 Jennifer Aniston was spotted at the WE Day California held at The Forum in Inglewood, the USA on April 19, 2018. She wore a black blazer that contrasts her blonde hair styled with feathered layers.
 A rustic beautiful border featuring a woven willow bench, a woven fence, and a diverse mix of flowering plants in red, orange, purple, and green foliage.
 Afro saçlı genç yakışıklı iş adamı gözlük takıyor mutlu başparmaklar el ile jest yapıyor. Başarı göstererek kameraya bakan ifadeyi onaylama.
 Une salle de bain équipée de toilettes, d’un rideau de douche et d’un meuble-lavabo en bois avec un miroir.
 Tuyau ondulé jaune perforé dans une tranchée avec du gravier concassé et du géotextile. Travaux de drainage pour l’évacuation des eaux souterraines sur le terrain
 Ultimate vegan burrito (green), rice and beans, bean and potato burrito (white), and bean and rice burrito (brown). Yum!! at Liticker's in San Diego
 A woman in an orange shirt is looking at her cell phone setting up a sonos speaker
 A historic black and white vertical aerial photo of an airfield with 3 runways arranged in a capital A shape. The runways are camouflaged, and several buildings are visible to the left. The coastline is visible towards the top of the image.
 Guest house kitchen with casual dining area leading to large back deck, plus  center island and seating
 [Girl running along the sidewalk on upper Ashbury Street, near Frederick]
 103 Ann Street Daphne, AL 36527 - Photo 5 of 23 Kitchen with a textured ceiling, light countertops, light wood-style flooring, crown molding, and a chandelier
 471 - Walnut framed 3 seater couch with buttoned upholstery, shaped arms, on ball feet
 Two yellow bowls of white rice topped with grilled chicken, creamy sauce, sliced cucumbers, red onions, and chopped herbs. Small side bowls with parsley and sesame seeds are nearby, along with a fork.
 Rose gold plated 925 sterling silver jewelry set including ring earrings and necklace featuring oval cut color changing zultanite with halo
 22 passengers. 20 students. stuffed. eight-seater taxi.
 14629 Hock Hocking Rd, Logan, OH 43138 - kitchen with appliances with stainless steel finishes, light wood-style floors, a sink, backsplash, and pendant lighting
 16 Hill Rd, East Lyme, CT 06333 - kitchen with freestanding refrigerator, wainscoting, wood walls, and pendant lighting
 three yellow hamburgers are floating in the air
§ §
WORK INSTRUCTIONS: Every record, copied exactly, is the expected answer.

RESPONSE AREA:
 Jennifer Aniston was spotted at the WE Day California held at The Forum in Inglewood, the USA on April 19, 2018. She wore a black blazer that contrasts her blonde hair styled with feathered layers.
 A rustic beautiful border featuring a woven willow bench, a woven fence, and a diverse mix of flowering plants in red, orange, purple, and green foliage.
 Afro saçlı genç yakışıklı iş adamı gözlük takıyor mutlu başparmaklar el ile jest yapıyor. Başarı göstererek kameraya bakan ifadeyi onaylama.
 Une salle de bain équipée de toilettes, d’un rideau de douche et d’un meuble-lavabo en bois avec un miroir.
 Tuyau ondulé jaune perforé dans une tranchée avec du gravier concassé et du géotextile. Travaux de drainage pour l’évacuation des eaux souterraines sur le terrain
 Ultimate vegan burrito (green), rice and beans, bean and potato burrito (white), and bean and rice burrito (brown). Yum!! at Liticker's in San Diego
 A woman in an orange shirt is looking at her cell phone setting up a sonos speaker
 A historic black and white vertical aerial photo of an airfield with 3 runways arranged in a capital A shape. The runways are camouflaged, and several buildings are visible to the left. The coastline is visible towards the top of the image.
 Guest house kitchen with casual dining area leading to large back deck, plus  center island and seating
 [Girl running along the sidewalk on upper Ashbury Street, near Frederick]
 103 Ann Street Daphne, AL 36527 - Photo 5 of 23 Kitchen with a textured ceiling, light countertops, light wood-style flooring, crown molding, and a chandelier
 471 - Walnut framed 3 seater couch with buttoned upholstery, shaped arms, on ball feet
 Two yellow bowls of white rice topped with grilled chicken, creamy sauce, sliced cucumbers, red onions, and chopped herbs. Small side bowls with parsley and sesame seeds are nearby, along with a fork.
 Rose gold plated 925 sterling silver jewelry set including ring earrings and necklace featuring oval cut color changing zultanite with halo
 22 passengers. 20 students. stuffed. eight-seater taxi.
 14629 Hock Hocking Rd, Logan, OH 43138 - kitchen with appliances with stainless steel finishes, light wood-style floors, a sink, backsplash, and pendant lighting
 16 Hill Rd, East Lyme, CT 06333 - kitchen with freestanding refrigerator, wainscoting, wood walls, and pendant lighting
 three yellow hamburgers are floating in the air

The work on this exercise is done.